The study suggests that interrupted sleep—particularly sleep that’s disturbed by thoughts of worry and anxiety—can worsen anxiety during waking hours, which can take a negative toll on a person’s overall health.
The researchers suggest that people experiencing insomnia as a result of nocturnal thoughts should work to ease their worries. This may be done through daytime therapy sessions, relaxation techniques, meditation, or, in some cases, prescription medication to treat anxiety or depression.
Tips to get a good night’s sleep
If you’re struggling to sleep night after night, these tips can help you improve your sleep to ensure you continue to have good overall health.
Regular bedtimes and wake times: Going to sleep each night at the same time and waking up at the same time each morning, even on weekends, helps the body maintain a proper sleep cycle. Keeping a proper sleep schedule will aid your ability to fall asleep and make you feel a lot better throughout the day.
Avoid caffeine in the late afternoon: While your morning cup of coffee is more than okay, it is advisable to avoid any sort of caffeinated drink or food in the late afternoon. It may be difficult to pick these items out, as a lot of snacks and drinks have caffeine in them. It is important to be aware of the foods and drinks you’re ingesting and instead choose water, seltzer, unsweetened decaffeinated herbal tea, or any other caffeine-free beverage in the mid-afternoons and evenings.
Avoid screens: We are bombarded with brightly lit screens everywhere we go. We even take them to bed with us as we read our favorite book on a tablet.
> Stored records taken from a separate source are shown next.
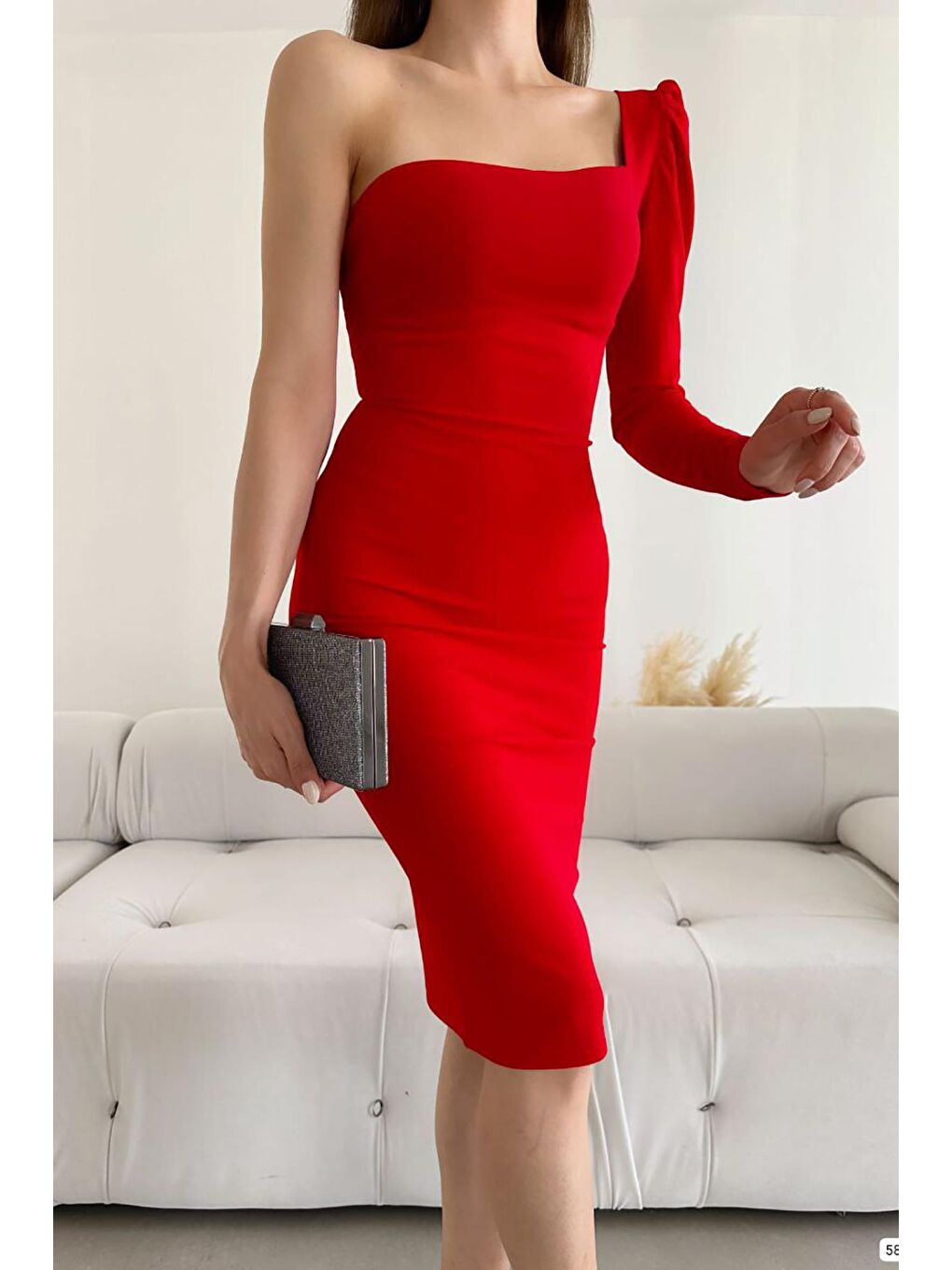 Kırmızı Tek Kol Midi Boy Krep Kumaş Elbise-3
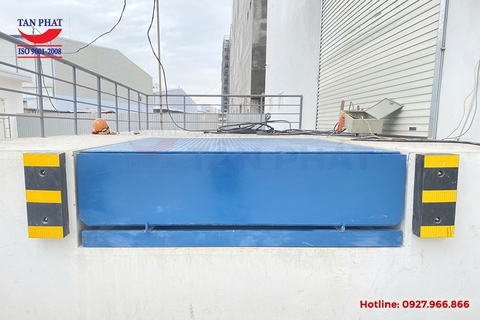 Dock Leveler 6 tấn lắp tại Bắc Giang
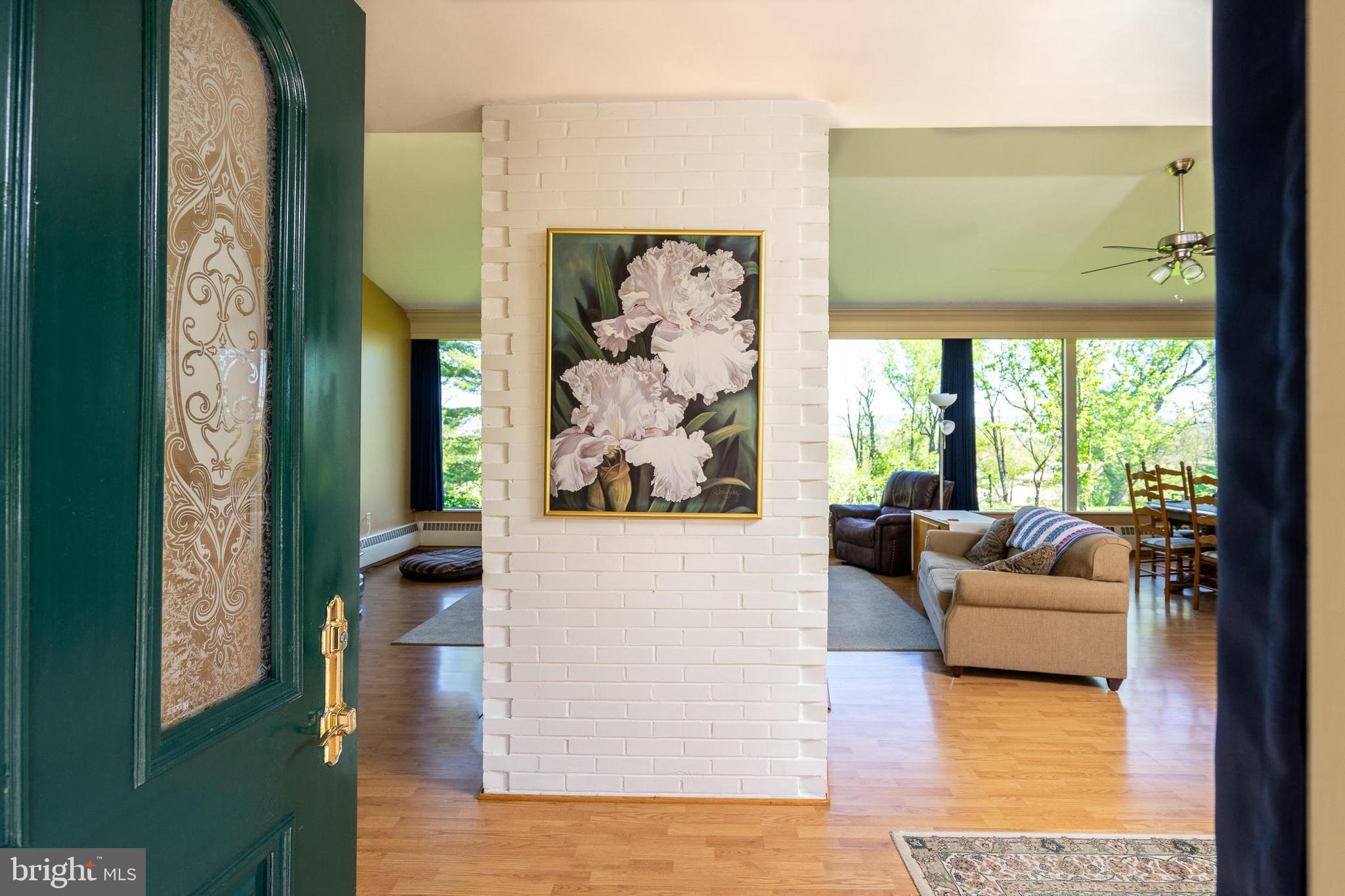 2236 Goose Valley Road Harrisburg, PA 17110 - Photo 7 of 36 Gallery Image 7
Sleep doctors recommend avoiding all electronic screens including e-readers, mobile devices, and television sets at least 30 minutes before bed, as they can impair the body’s natural sleep cycle.
Exercise and diet: Making an effort to exercise and maintaining a healthy diet high in fiber and low in saturated fat and added sugar may improve your sleep, doctors say. A diet like this will also benefit overall heath and quality of life. The American Heart Association recommends that healthy adults get at least 150 minutes of moderate aerobic activity a week. It’s best to perform these exercises in the early morning or right after work, sleep doctors say.
Avoid naps: Doctors recommend avoiding napping if you want better sleep at night. But if a nap can’t be avoided, try to limit it to 20 to 30 minutes earlier in the day.